I can't imagine it would be even remotely "safe" to go back to 1e/2e. WotC is talking a good game at the moment about an edition everyone can feel a part of, but the market realities underlying their actions stem from one specific edition -- 3e/Pathfinder -- being so much bigger than all other fanbases combined that it is supplanting D&D as the default option around the gaming table. I grew up on Chainmail and very much enjoy 1e/2e/BECMI/Bluebox/Redbox, but let's not kid ourselves here and say that any of those fanbases are even 1/10 the size of 3e/Pathfinder.
WotC's main concern here is to recapture the single largest RPG fanbase at the moment, that being the 3e/Pathfinder crowd. Their next priority is to retain enough fundamental 4e features that the somewhat smaller but still numerically important 4e fanbase will feel sufficiently respected to stick with the new edition rather than abandoning D&D entirely. I'm sure they wouldn't mind reeling in some of the people still playing 1e, 2e, etc, but WotC would never risk driving away both 3e *and* 4e players to attract the numerically small groups of D&D players who don't like either one.

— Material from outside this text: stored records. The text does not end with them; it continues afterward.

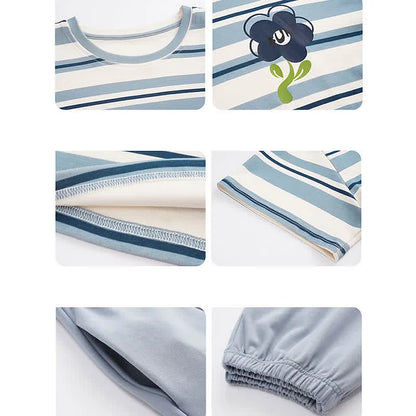 Colorblock Striped Flower Print Summer Cotton Pajamas Set
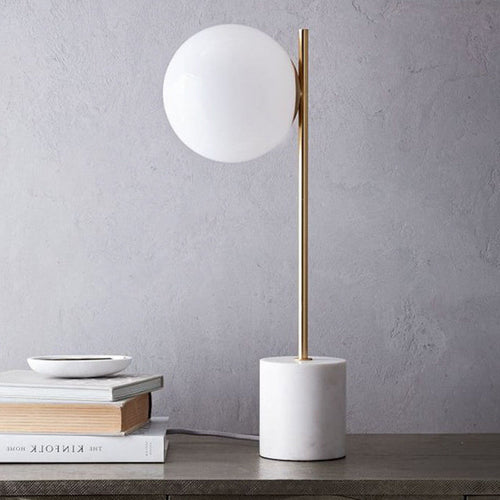 MarbleGlow - Modern Spherical Table Lamp with Marble Base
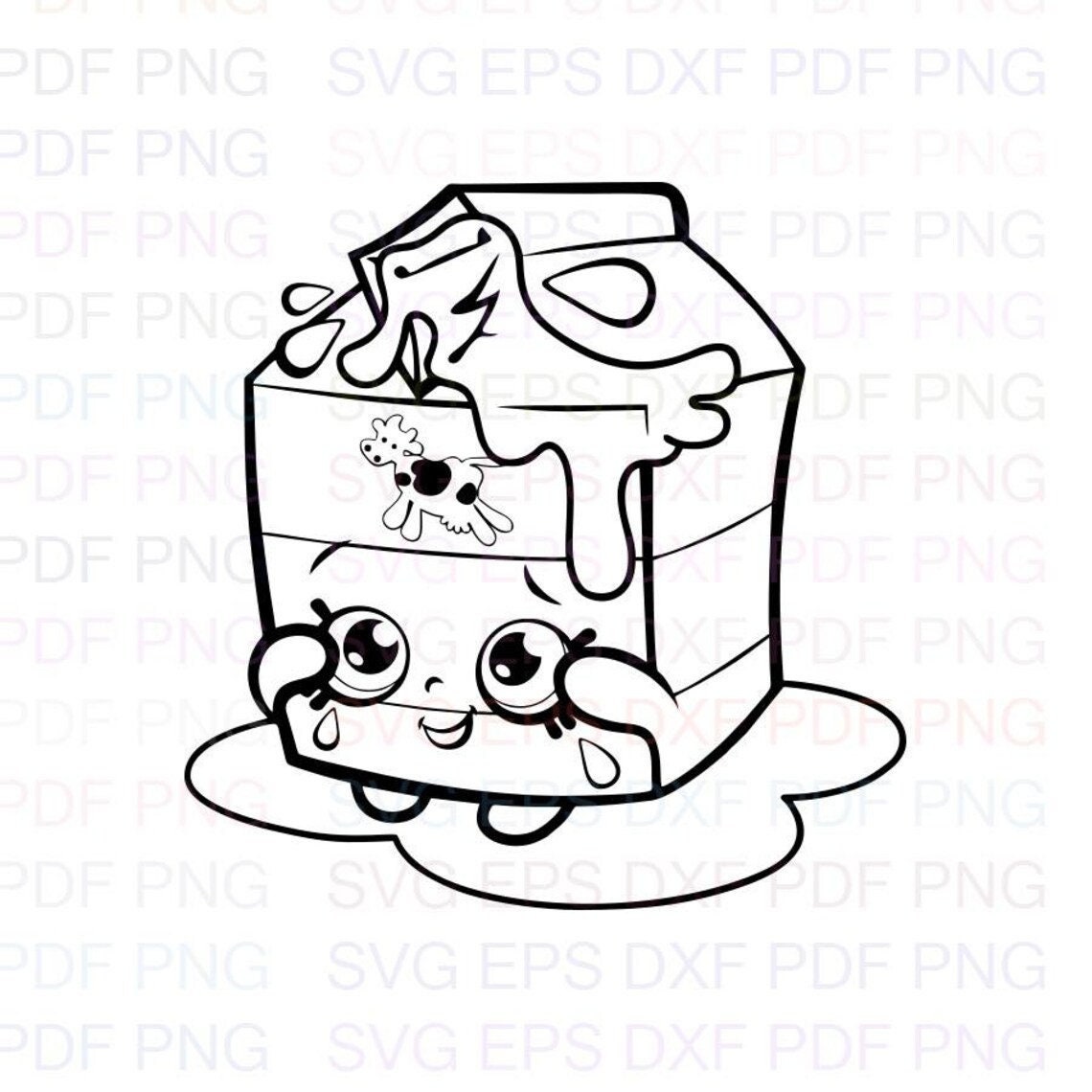 Spilt_milk_shopkins Outline Svg Dxf Eps Pdf Png Cricut - Etsy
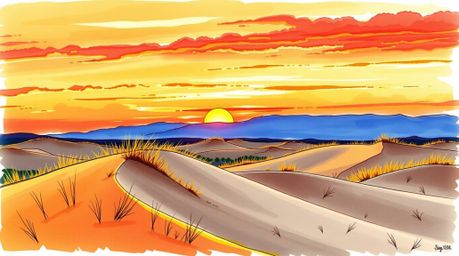 A vibrant color sketchnote depicting a breathtaking sunset over golden desert dunes.  The image showcases contrasting colors 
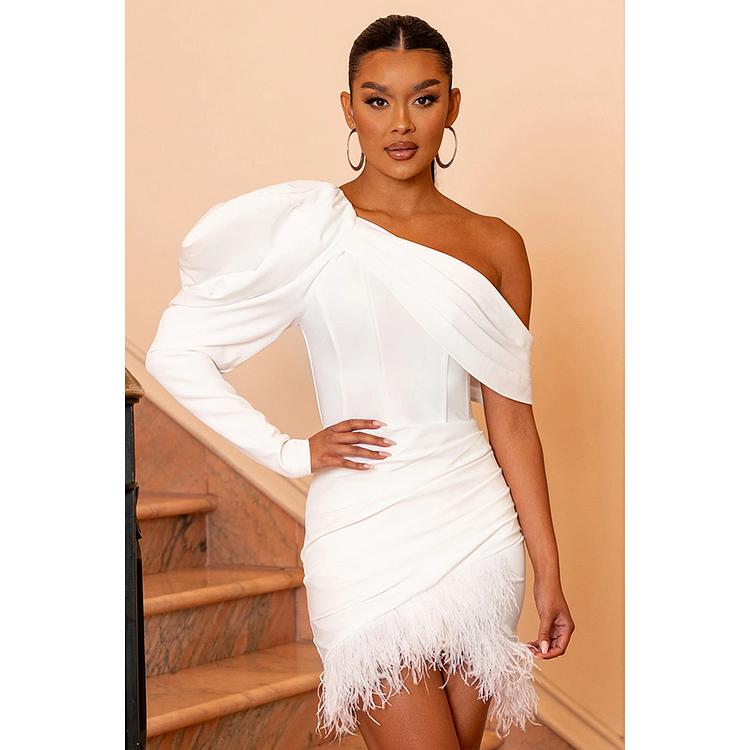 One Shoulder Sexy Splicing  Feathers Dress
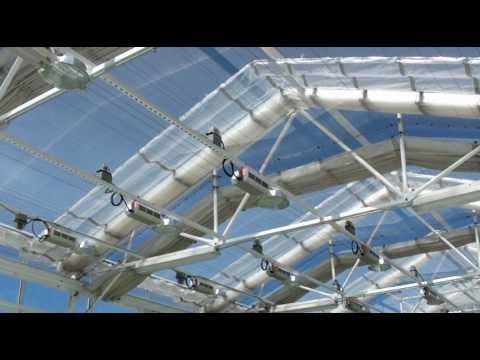 Retractable Roof Greenhouse with tilapia, lettuce, herbs and cucumbers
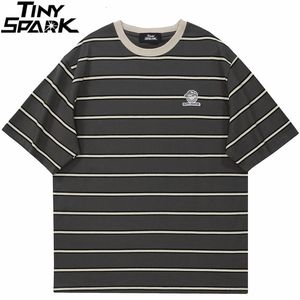 Mens TShirts Hip Hop Streetwear TShirt Vintage Retro Striped T Shirt Harajuku Cotton Casual Tshirt 2023 Men Summer Short Sleeve Tops Tees 230406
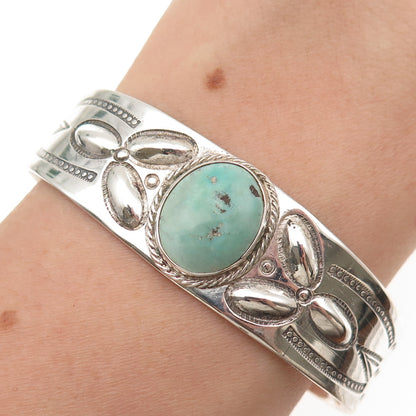 Old Pawn 925 Sterling Silver Vintage Tyrone Turquoise Adjustable Bracelet 6.5"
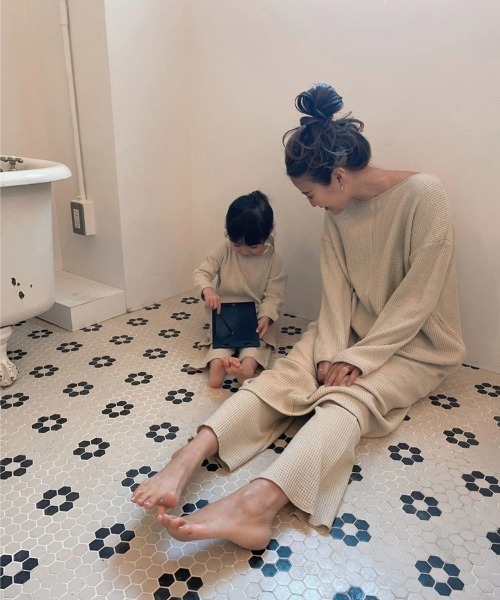 TRUNC（トランクエイティーエイト）の「Child Waffle Setup（セットアップ・キッズ・ブラック/ブラウン/アイボリー・FREE）」の8枚目の写真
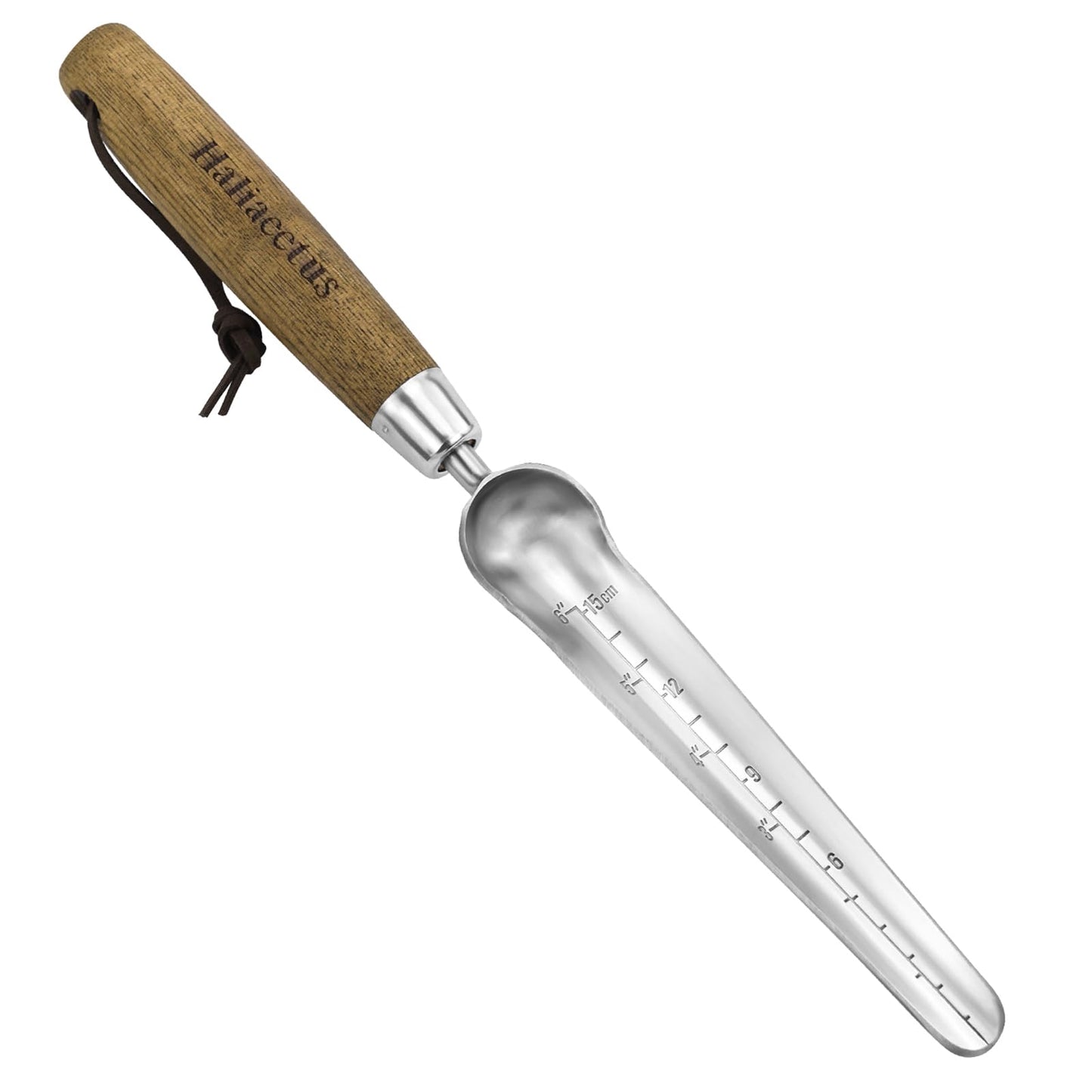 Haliaeetus Seeding Widger with 6'' Scale, Stainless Steel Planting Trowel for Repotting, Long and Narrow Widger for Weeding from Tight Areas, Hand Transplanter with Wood Handle for Planting, Digging
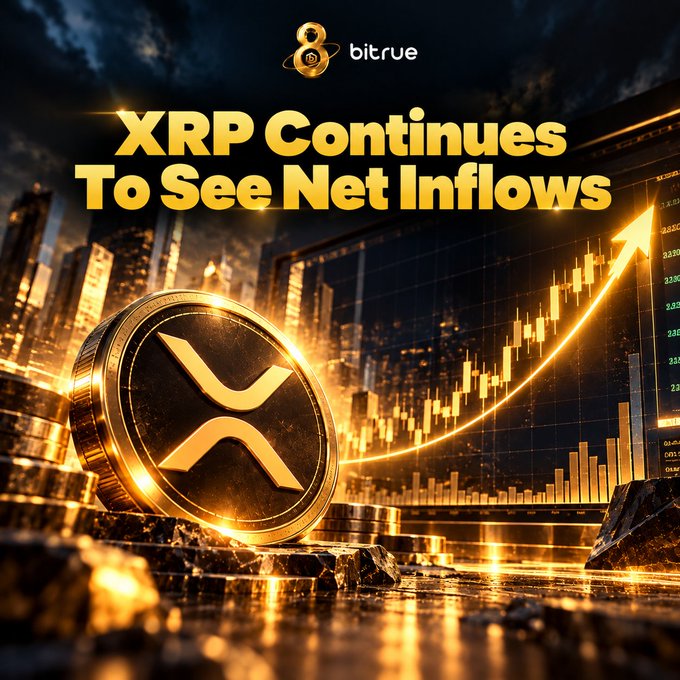 A promotional Bitrue graphic titled "XRP Continues To See Net Inflows" featuring a glowing gold XRP coin, an upward-trending chart with rising arrow, and a cityscape backdrop, visually reinforcing the post's message about sustained $4.74M in weekly net inflows into Spot XRP ETFs and growing altcoin momentum.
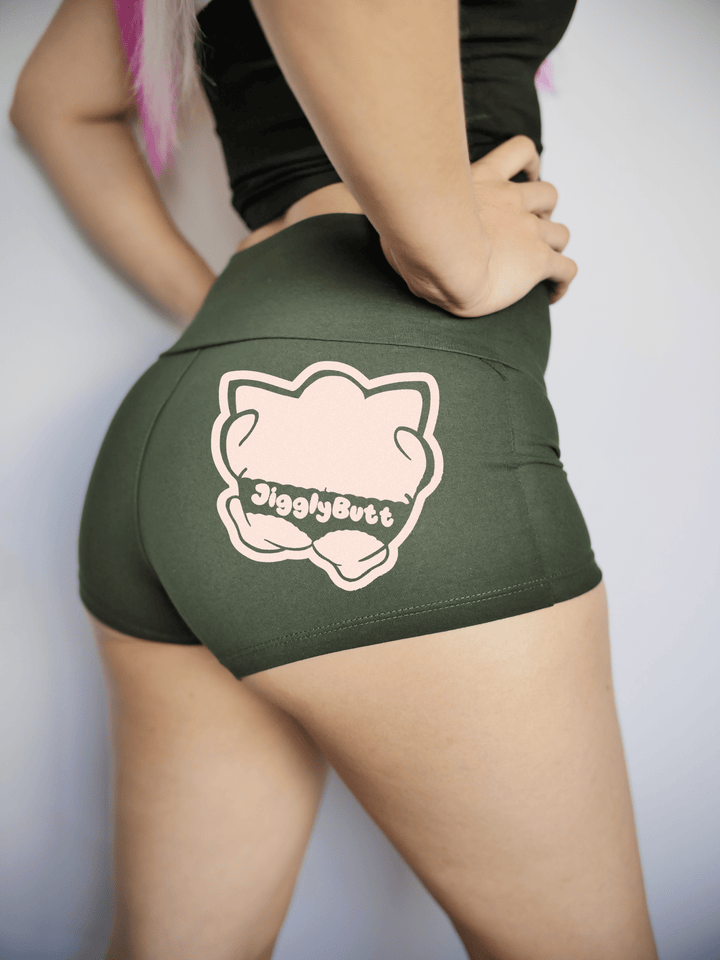 PixelThat Punderwear Yoga Shorts Small / Dark Green / Yoga Short JigglyBUTT Yoga Shorts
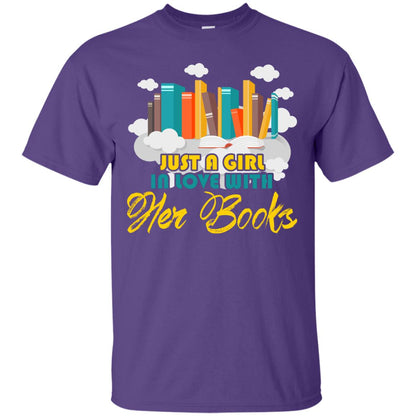 Just A Girl In Love With Her Books Bookworm Gift Shirt For Girls Purple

It's never easy to accept that one's favored edition isn't seen by a majority of the gaming community as being better than what came before. I see this around my 4e gaming table, whose members run the gamut of the "stages of grief" -- from disbelief ("4e must be selling better than they say!") to anger ("those 3e grognards sabotaged 4e!") to depression ("no edition could ever be as good as 4e"). So I can understand people not wanting to believe that The Rouse, the various market surveys published at ENWorld and elsewhere, and WotC's own actions indicate a sales problem so severe that D&D simply could not continue in its present 4e form. What I can't understand is the impulse to label WotC as the bad guy and Monte as the embodiment of everything that's wrong with WotC. If 4e were selling well, WotC's usual bureaucratic inertia coupled with their huge investment in 4e would guarantee it a substantially longer production run. The fact that this didn't happen doesn't make WotC "bad" -- it just means WotC is responding to a desperate situation as best it can.
I can understand why some 4e fans feel like the current environment isn't providing much in the way of validation, but it's important not to take these things personally. High-selling products aren't always "good," nor are low-selling products always "bad". The many sound innovations 4e contributed to D&D as a whole don't become unsound simply because the ruleset turned in a subpar performance in the marketplace. At the same time, though, we can't put ourselves in a situation where we feel compelled to insist 4e is selling well -- or at least would be if the dastardly WotC hadn't pulled the plug on it -- in order to self-validate our feelings about 4e. The best thing we can do is accept that 4e wasn't as popular as we'd hoped, recognize that this market judgment in no way invalidates our personal beliefs regarding 4e, and then do what we can to ensure its strongest features are represented in a new edition that will hopefully have something for everyone.